Review of Prayer in the Hebrew Bible, Part Three

Chapter 4 & 5 – Prayer and the Depiction of Character  & Prayer and the Characterization of God

It is always interesting to me what items land on prayer requests. In my experience, prayer has become for many a divine complaint box into which numerous woes are dumped day after day. Occasionally I have seen prayer leaders suggest that every petition be accompanied by an item of praise, which then leads to a much smaller prayer list (fewer people are submitting their requests). The character of a group is exposed by examining those things they choose to pray about. This is, in many ways, how Balentine sees the narrative prayers in the Hebrew Bible functioning.
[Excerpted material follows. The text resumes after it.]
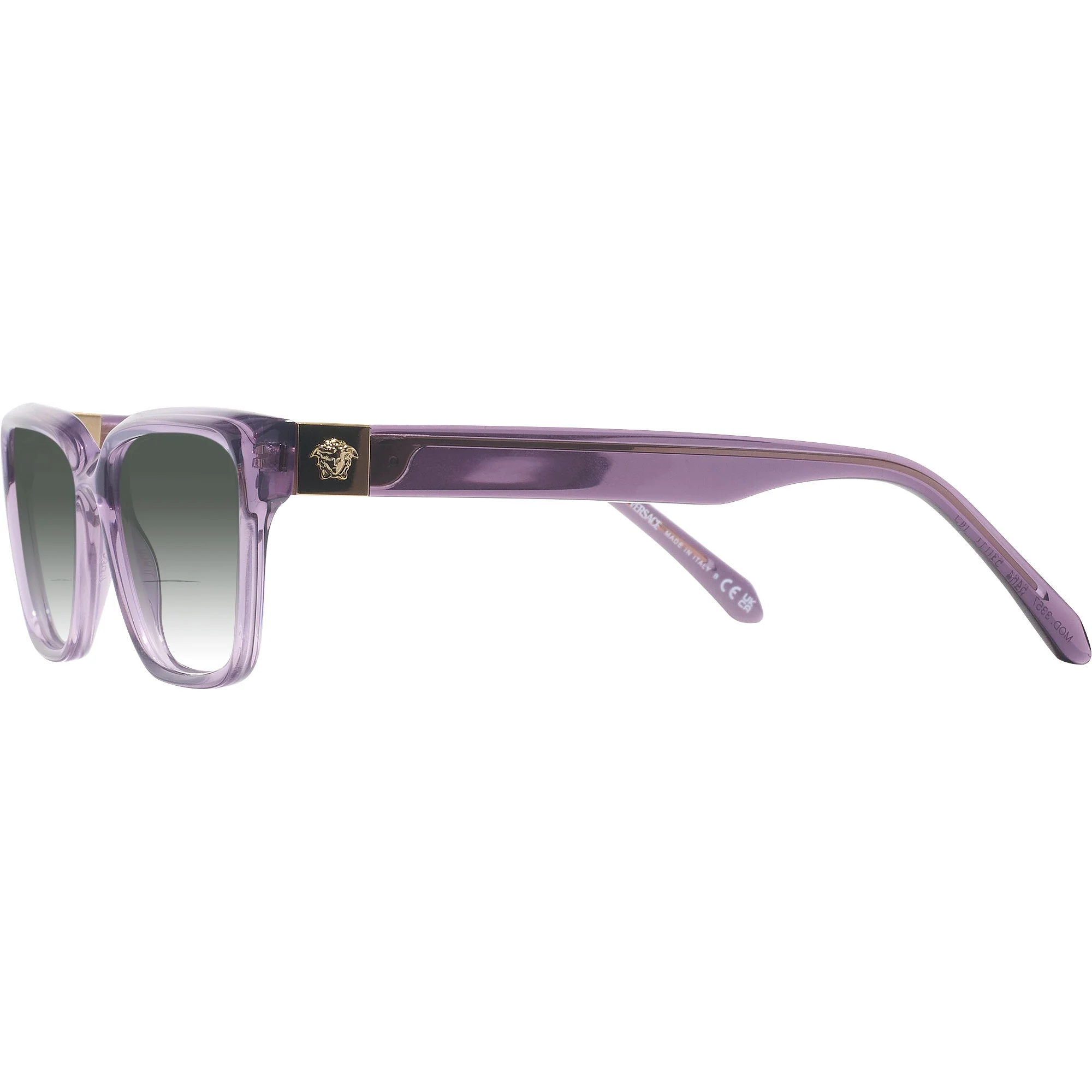 Versace 3357 w/ Gradient Bifocal Reading Sunglasses - Image 7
As discourse between people and God, prayer plays an important role in portraying both human and divine character. What people say to God–there petitions and their praise, their desires and the live situations that bring them into articulation–reveal motives, attitudes, and morality. Likewise, the ascriptions addressed to God in prayer (e.g., “loving,” “just,” “merciful,” “sovereign”) reveal assumptions about divine character and divine receptiveness to human concerns, assumptions that a narrative situation may confirm, modify, or refute be supplying or withholding a divine response. It is part of the art of Hebrew narrative that such recorded dialogues enable the reader to witness the two-way traffic between heaven and earth and thus enter into the process of understanding the character of the parties involved. (48)

Balentine spends two chapters demonstrating how the Hebrew Bible uses narrative prayer to depict human characters (chap. 4) and God (chap. 5). Of human characters, prayer can confirm one’s status as worthy or blessed. In the case of Hezekiah, a deathly illness and the prophetic announcement of an immanent death calls into question the otherwise positive presentation of this king. Is he not, as readers have been lead to believe, a just and righteous king? Hezikiah’s prayer (including what is present and absent in his prayer), following the prophetic announcement of his immanent death, confirms his positive character, and the storyline follows suit as Hezikiah is granted 15 more years of life. Prayer can also serve to caricature or parody a biblical character. Balentine discusses the prayers of Jacob and Jonah in this light (though I suspect John might take issue with Balentine in reference to Jacob’s character). Of God, narrative prayers in the Hebrew Bible characteristically reveal how God’s own character is understood. This need not be understood merely as a description of an a particular person’s conception of God; how God is understood by these pray-ers becomes the model for how God is to be understood.